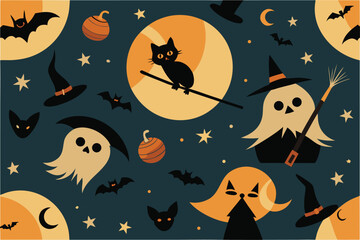 editable vector halloween pattern set with spooky (1).eps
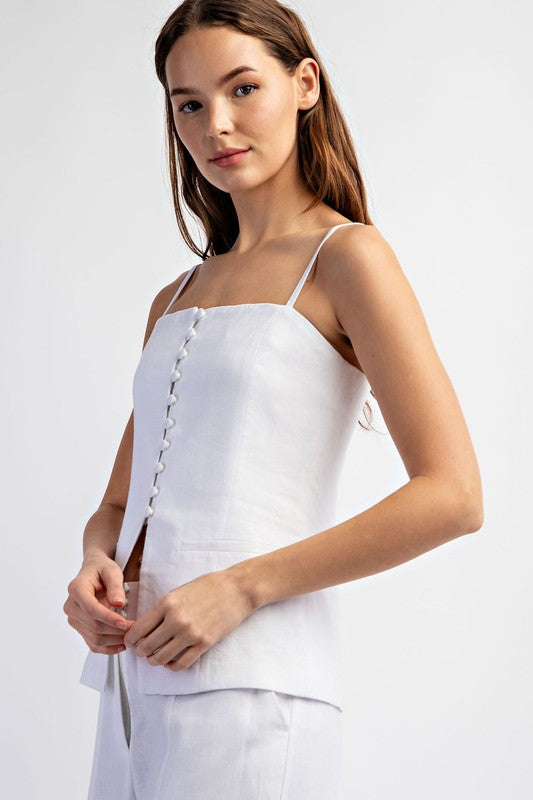 side of the Off White Stretch Linen Tailored Tube Top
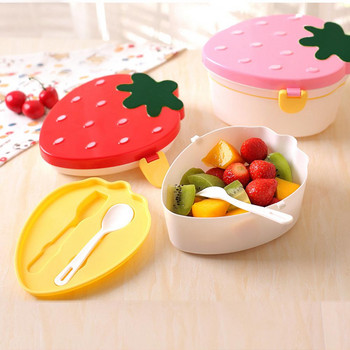 Детска сладка кутия за обяд във форма на ягода с вилица, лъжица, 2-слойна хранителна кутия с голям капацитет за съхранение на плодове, кутия Bento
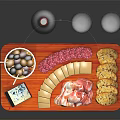 Charcuterie Platter with Sliced Meats Cheese Crackers Dip and Red Wine Glasses
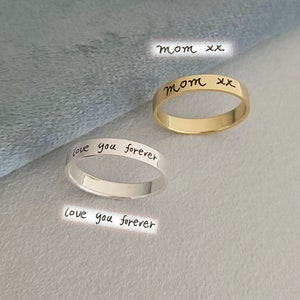 Personalized Engraved Handwriting Ring,Custom Name Ring,Custom Engraved Ring,Stackable Ring,Date Coordinate Ring,Christmas gift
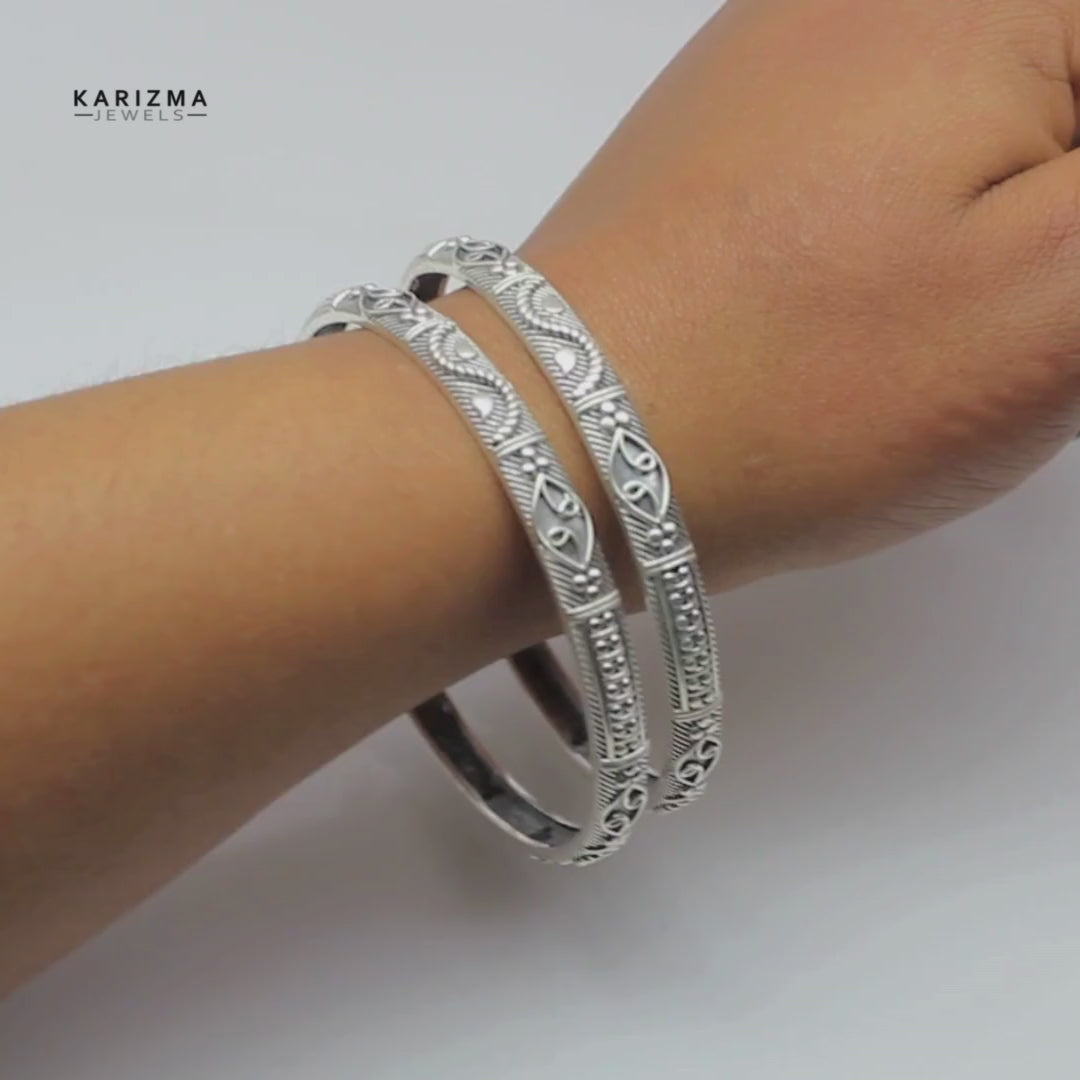 Ethnic Real Sterling Silver Oxidized Women Bangles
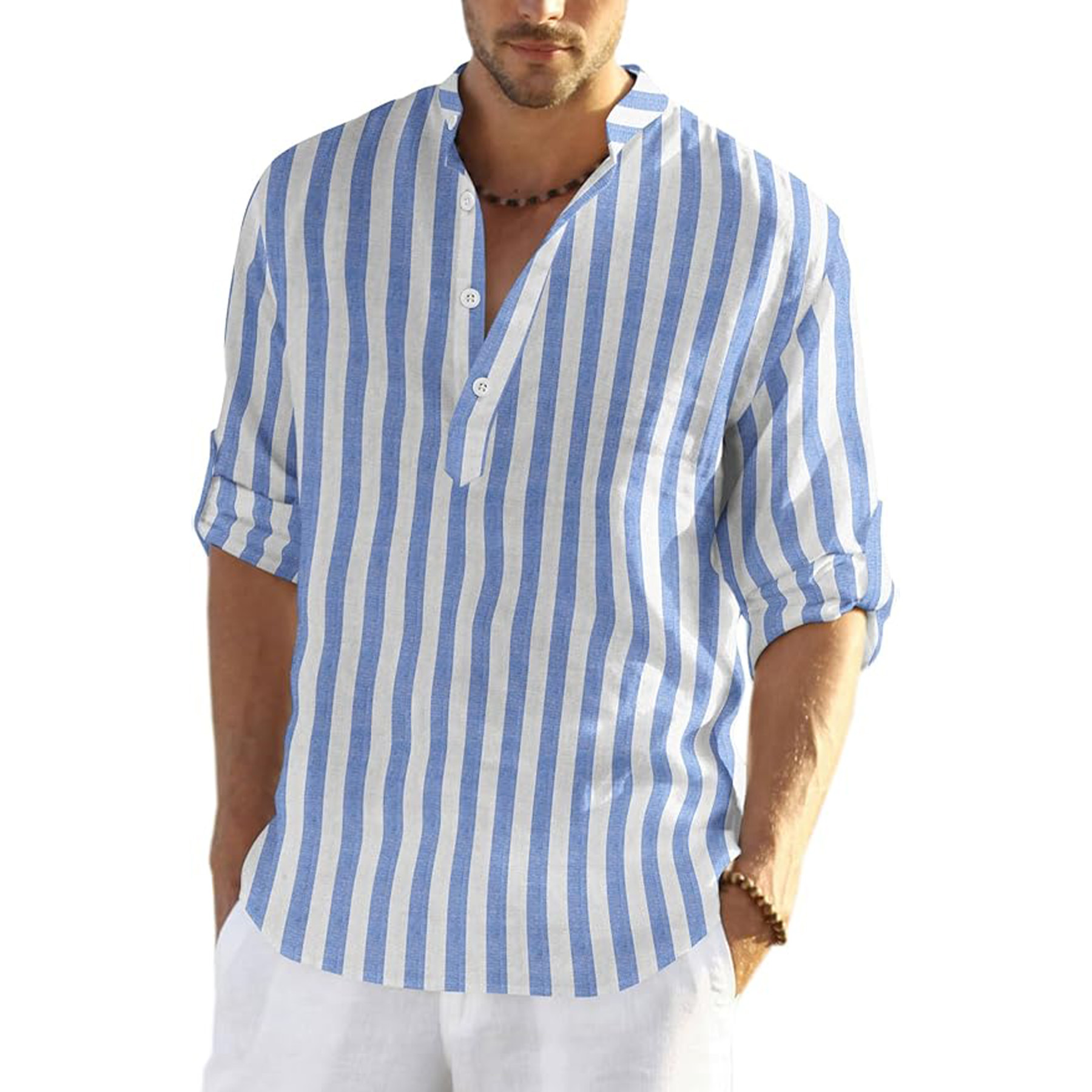 Men's Cotton And Linen Casual Shirts 22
______
— Activity —
Return every record exactly, leaving out the pictures.

— Result of this task —
 editable vector halloween pattern set with spooky (1).eps
 side of the Off White Stretch Linen Tailored Tube Top
 Детска сладка кутия за обяд във форма на ягода с вилица, лъжица, 2-слойна хранителна кутия с голям капацитет за съхранение на плодове, кутия Bento
 Charcuterie Platter with Sliced Meats Cheese Crackers Dip and Red Wine Glasses
 Personalized Engraved Handwriting Ring,Custom Name Ring,Custom Engraved Ring,Stackable Ring,Date Coordinate Ring,Christmas gift
 Ethnic Real Sterling Silver Oxidized Women Bangles
 Men's Cotton And Linen Casual Shirts 22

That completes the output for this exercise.